Ao afirmar que a fé é responsável
pela aproximação do fiel com Deus,
Lutero criou o ambiente para que os homens de
sua época tivessem acesso a uma libertação
religiosa inédita. A pregação
de Lutero possibilitou que os homens se desprendessem
da alienação religiosa. Pois para
ele, o catolicismo havia transformado uma fé
simples em Deus, numa religião altamente
complexa que afastava os homens do propósito
original do cristianismo, ou seja, “amar a Deus
acima de todas as coisas e amar ao próximo
como a si mesmo”. Ao contrário dos católicos,
que se preocupavam em apenas observar os mandamentos,
os seguidores de Lutero defendiam que o que
realmente importava não era obedecer
por obedecer, mas internalizar a Palavra de
Deus, transformando-a em uma prática
diária.

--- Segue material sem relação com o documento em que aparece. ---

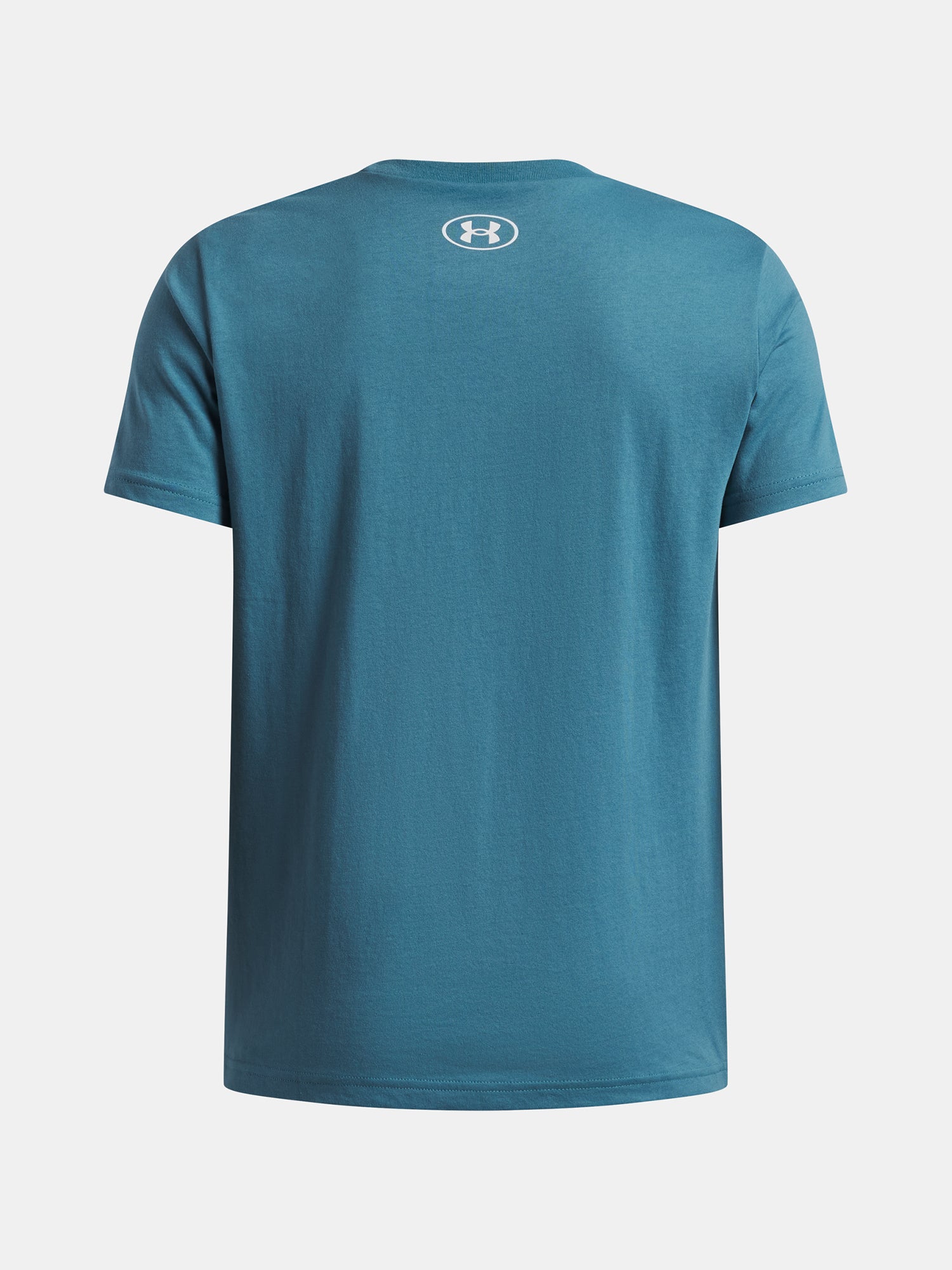 Fiú póló Under Armour UA B SPORTSTYLE LC SS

Era o nascimento da ética
protestante.
A ação de Lutero libertou os cristãos
da religiosidade medieval, dando-lhes acesso
direto a Deus por meio de sua fé, anulando
a intermediação da Igreja. Para
o monge alemão era mais importante uma
fé legítima e pessoal do que a
dependência de uma hierarquia eclesiástica
que somente dizia aos homens como deveriam se
comportar.
Lutero retirou o homem medieval de sua alienação
religiosa, dando-lhe liberdade de decisão
e pensamento. Curiosamente Lutero rompeu com
a religião mantendo sua fé intacta.
Pois o monge entendia que a religião
era apenas um instrumento de controle social,
se a sociedade era formada por homens corruptíveis,
a religião também era. Por outro
lado, a fé era pessoal e intransferível
e, desde que sujeita a Deus, garantia ao indivíduo
a liberdade de pensamento. Com isso, o homem
passava a ser o responsável por suas
próprias decisões, independentemente
do que dizia a Igreja Romana.
Como resultado de sua ousadia, Lutero foi considerado
herege e excomungado da Igreja pelo papa Leão
X. Mas o estrago já havia sido feito.
A Igreja Cristã nunca mais seria a mesma.

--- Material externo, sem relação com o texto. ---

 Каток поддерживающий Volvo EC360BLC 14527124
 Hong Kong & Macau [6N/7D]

Mas voltando a história inicial.
Na areia de Ingleses eu fiquei refletindo sobre
tudo isso. Se em Canasvieiras eu havia apenas
contemplado a natureza, em Ingleses eu questionava
o que nós, seres humanos, estamos fazendo
com ela. Minha reação em Ingleses
foi parecida com a que diferenciava Lutero dos
outros monges europeus de sua época.
Se na Espanha, França e Itália
os monges viviam em mosteiros, afastados da
população comum, na Alemanha os
monges viviam junto ao povo. Por isso, ao contrário
de seus pares de outras regiões, Lutero
entendia sua geração como nenhum
outro religioso poderia entender. Da mesma forma
eu experimentava, em Ingleses, a reflexão
crítica e me questionava sobre o que
estamos fazendo com a natureza. Nas cidades,
onde pouco nos resta do meio ambiente natural,
agimos como se a natureza tivesse o propósito
único de nos servir, quando na verdade
nós, seres humanos, somos parte inseparável
dela.
Acredito que está no exemplo de Lutero
a solução para resgatar a função
original da natureza. Se como Lutero, estivermos
identificados com o problema dos oprimidos,
no nosso caso o meio ambiente, seremos transformados
por ele e não o contrário. E,
somente assim, entenderemos que somos parte
da natureza e não seus proprietários.